> Records shown
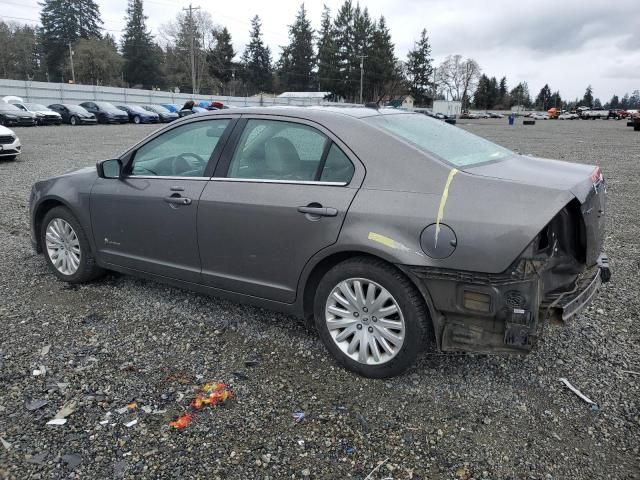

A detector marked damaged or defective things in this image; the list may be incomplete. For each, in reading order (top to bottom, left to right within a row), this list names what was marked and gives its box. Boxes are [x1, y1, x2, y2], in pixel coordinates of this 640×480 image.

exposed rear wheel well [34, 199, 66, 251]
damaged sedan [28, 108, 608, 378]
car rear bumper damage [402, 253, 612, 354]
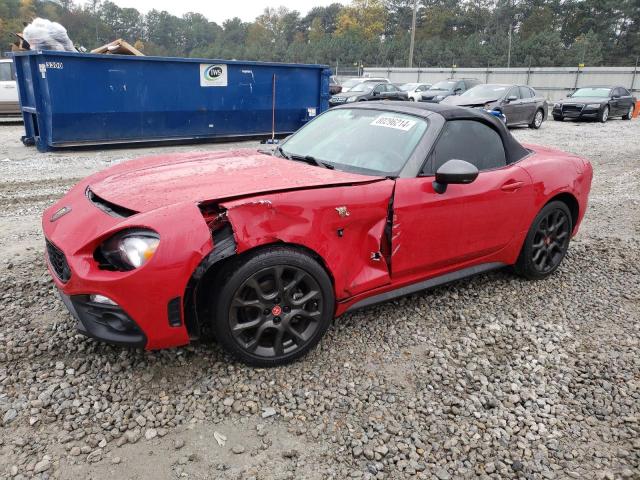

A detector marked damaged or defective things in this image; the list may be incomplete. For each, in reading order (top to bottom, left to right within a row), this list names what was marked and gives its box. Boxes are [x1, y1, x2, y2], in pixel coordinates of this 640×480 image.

> What this task involves
Using the data above, write out every line exactly, leaving the images behind.

> Solution to the problem
A detector marked damaged or defective things in this image; the list may be incomplete. For each, in reading order (top to bottom, left to right within a row), this list names what was marked and gives its box. Boxes are [x1, y1, x2, y2], in pixel coordinates of this 640×480 image.

exposed rear wheel well [34, 199, 66, 251]
damaged sedan [28, 108, 608, 378]
car rear bumper damage [402, 253, 612, 354]

A detector marked damaged or defective things in this image; the list may be incomplete. For each, in reading order (top to bottom, left to right within a row), this list names what was marked and gives its box. Boxes are [x1, y1, x2, y2], in pixel coordinates of this 640×480 image.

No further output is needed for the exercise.